» EXERCISE DESCRIPTION
Quote exactly, and only, the lines of the material below from the line with "Á hậu Huyền" through the line with "Lot Of 3 Natural".

» SUPPLIED ENTRIES

* * *

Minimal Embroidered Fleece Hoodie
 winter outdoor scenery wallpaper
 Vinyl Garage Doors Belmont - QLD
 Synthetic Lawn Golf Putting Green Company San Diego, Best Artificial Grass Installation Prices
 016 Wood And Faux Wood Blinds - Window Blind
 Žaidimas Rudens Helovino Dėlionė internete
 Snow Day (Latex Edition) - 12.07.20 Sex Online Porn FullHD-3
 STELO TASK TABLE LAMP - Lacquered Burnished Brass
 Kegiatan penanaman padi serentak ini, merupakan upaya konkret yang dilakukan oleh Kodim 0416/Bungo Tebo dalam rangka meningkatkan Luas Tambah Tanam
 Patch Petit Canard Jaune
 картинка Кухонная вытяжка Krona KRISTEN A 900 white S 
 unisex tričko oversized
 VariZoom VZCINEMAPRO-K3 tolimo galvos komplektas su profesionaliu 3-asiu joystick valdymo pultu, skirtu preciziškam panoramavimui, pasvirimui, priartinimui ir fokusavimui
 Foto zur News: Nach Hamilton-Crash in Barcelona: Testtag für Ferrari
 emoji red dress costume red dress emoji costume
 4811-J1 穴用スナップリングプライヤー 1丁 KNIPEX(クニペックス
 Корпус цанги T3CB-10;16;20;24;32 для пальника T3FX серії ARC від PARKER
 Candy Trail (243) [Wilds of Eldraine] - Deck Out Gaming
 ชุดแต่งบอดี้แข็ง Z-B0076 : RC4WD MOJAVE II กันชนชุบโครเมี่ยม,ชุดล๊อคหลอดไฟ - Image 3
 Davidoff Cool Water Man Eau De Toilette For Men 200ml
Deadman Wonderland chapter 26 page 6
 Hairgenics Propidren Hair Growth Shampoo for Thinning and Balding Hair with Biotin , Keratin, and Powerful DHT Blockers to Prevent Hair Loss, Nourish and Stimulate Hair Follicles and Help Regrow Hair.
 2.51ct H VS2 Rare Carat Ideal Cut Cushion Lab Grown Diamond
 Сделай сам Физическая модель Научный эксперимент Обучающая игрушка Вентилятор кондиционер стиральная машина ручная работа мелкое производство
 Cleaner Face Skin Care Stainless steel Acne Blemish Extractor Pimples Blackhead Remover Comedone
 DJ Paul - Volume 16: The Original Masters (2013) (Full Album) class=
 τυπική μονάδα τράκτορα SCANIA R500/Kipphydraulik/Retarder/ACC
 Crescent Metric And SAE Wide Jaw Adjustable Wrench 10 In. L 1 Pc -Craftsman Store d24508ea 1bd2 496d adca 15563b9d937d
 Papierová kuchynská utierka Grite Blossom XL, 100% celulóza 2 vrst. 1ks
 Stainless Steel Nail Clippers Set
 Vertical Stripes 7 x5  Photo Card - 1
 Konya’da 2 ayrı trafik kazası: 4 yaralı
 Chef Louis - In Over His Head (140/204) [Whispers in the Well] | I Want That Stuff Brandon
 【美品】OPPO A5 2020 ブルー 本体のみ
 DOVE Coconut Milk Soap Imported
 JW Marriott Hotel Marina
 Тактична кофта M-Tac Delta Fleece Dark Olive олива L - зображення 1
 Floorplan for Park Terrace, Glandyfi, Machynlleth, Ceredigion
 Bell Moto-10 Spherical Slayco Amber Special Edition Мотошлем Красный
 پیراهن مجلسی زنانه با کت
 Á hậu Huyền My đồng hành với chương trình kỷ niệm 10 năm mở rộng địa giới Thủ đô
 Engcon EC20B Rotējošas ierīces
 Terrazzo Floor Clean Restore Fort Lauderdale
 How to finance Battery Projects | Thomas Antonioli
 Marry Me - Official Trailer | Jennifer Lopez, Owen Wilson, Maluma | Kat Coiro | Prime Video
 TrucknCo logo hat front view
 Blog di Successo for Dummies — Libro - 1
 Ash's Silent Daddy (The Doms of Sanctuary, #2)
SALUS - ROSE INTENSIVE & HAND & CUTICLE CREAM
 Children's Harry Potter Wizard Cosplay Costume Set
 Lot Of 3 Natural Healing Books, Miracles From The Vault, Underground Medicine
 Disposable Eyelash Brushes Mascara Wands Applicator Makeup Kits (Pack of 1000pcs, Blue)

* * *

» FINISHED EXERCISE
 Á hậu Huyền My đồng hành với chương trình kỷ niệm 10 năm mở rộng địa giới Thủ đô
 Engcon EC20B Rotējošas ierīces
 Terrazzo Floor Clean Restore Fort Lauderdale
 How to finance Battery Projects | Thomas Antonioli
 Marry Me - Official Trailer | Jennifer Lopez, Owen Wilson, Maluma | Kat Coiro | Prime Video
 TrucknCo logo hat front view
 Blog di Successo for Dummies — Libro - 1
 Ash's Silent Daddy (The Doms of Sanctuary, #2)
SALUS - ROSE INTENSIVE & HAND & CUTICLE CREAM
 Children's Harry Potter Wizard Cosplay Costume Set
 Lot Of 3 Natural Healing Books, Miracles From The Vault, Underground Medicine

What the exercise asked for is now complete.